**Work to be completed:**
Would you print the data below exactly, leaving out every picture?
┄┄┄┄┄┄
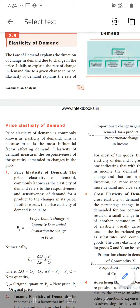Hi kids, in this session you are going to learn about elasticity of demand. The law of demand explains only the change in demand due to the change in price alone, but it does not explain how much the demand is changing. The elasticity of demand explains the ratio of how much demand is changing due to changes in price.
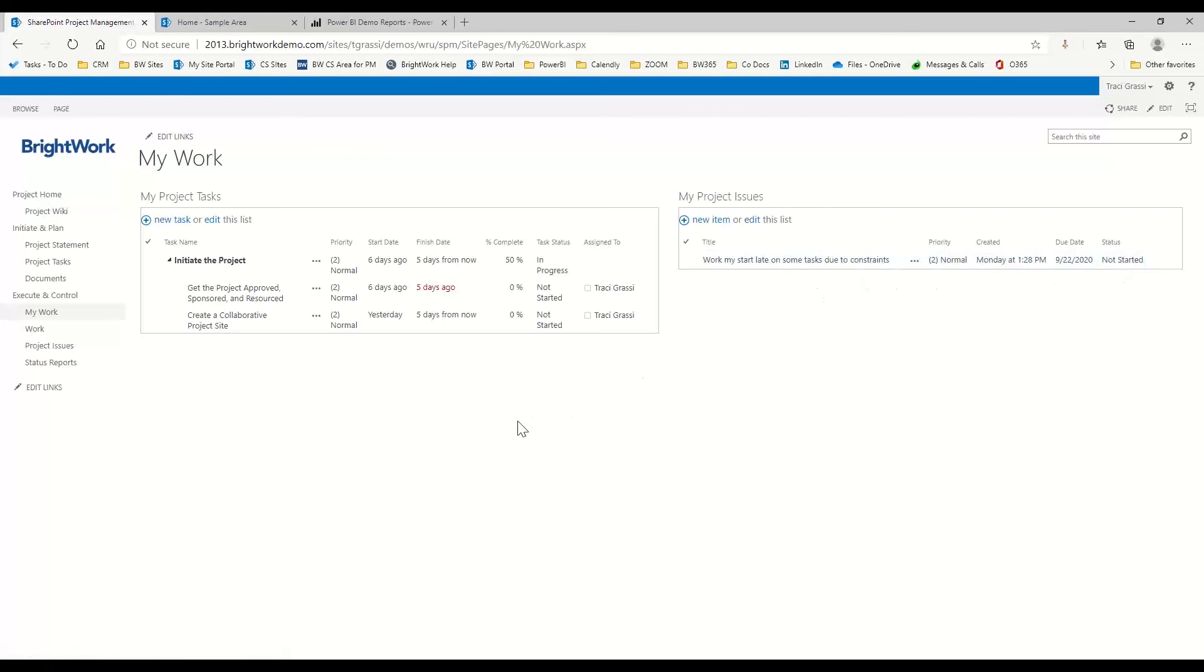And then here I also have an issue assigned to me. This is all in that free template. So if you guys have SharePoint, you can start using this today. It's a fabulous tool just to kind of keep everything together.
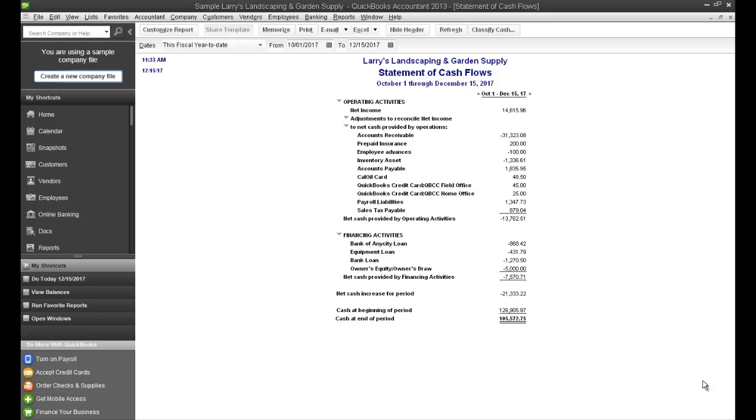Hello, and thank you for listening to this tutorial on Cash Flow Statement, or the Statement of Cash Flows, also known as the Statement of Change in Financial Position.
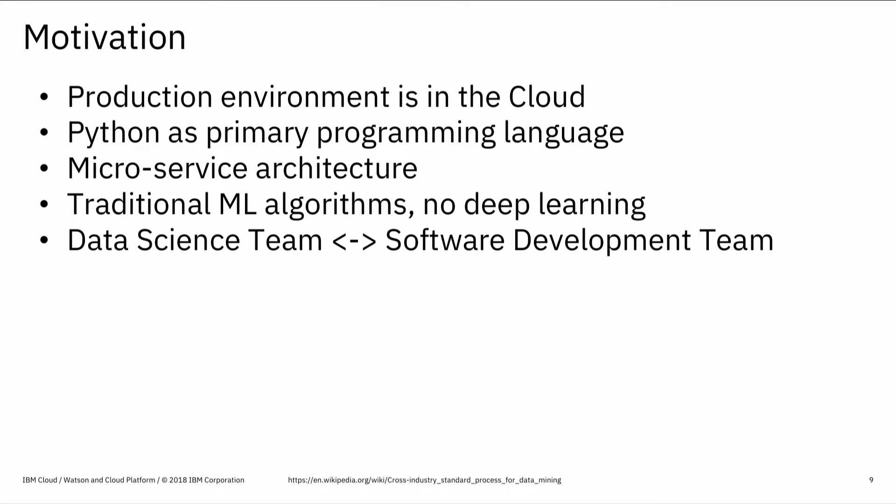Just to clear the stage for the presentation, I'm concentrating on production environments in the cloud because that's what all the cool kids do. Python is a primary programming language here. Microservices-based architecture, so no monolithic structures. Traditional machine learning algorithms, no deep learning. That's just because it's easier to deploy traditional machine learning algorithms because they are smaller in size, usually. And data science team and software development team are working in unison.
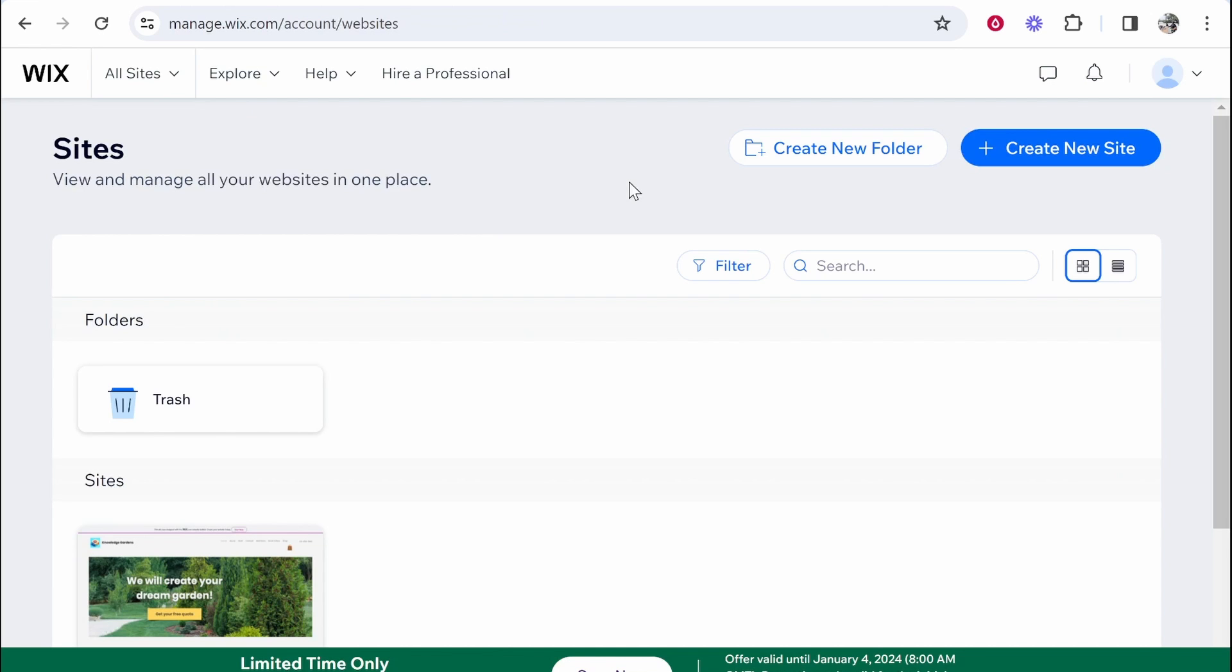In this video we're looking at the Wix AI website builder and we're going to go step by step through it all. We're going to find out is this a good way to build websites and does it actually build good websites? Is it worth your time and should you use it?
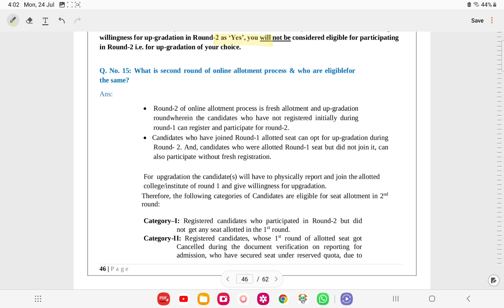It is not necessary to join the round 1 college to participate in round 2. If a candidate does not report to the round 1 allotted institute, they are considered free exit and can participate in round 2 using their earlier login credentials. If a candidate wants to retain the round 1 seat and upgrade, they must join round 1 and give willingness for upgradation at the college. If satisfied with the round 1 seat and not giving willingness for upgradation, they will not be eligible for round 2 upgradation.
┄┄┄┄┄┄
**Exercise result:**
Hi kids, in this session you are going to learn about elasticity of demand. The law of demand explains only the change in demand due to the change in price alone, but it does not explain how much the demand is changing. The elasticity of demand explains the ratio of how much demand is changing due to changes in price.
And then here I also have an issue assigned to me. This is all in that free template. So if you guys have SharePoint, you can start using this today. It's a fabulous tool just to kind of keep everything together.
Hello, and thank you for listening to this tutorial on Cash Flow Statement, or the Statement of Cash Flows, also known as the Statement of Change in Financial Position.
Just to clear the stage for the presentation, I'm concentrating on production environments in the cloud because that's what all the cool kids do. Python is a primary programming language here. Microservices-based architecture, so no monolithic structures. Traditional machine learning algorithms, no deep learning. That's just because it's easier to deploy traditional machine learning algorithms because they are smaller in size, usually. And data science team and software development team are working in unison.
In this video we're looking at the Wix AI website builder and we're going to go step by step through it all. We're going to find out is this a good way to build websites and does it actually build good websites? Is it worth your time and should you use it?
It is not necessary to join the round 1 college to participate in round 2. If a candidate does not report to the round 1 allotted institute, they are considered free exit and can participate in round 2 using their earlier login credentials. If a candidate wants to retain the round 1 seat and upgrade, they must join round 1 and give willingness for upgradation at the college. If satisfied with the round 1 seat and not giving willingness for upgradation, they will not be eligible for round 2 upgradation.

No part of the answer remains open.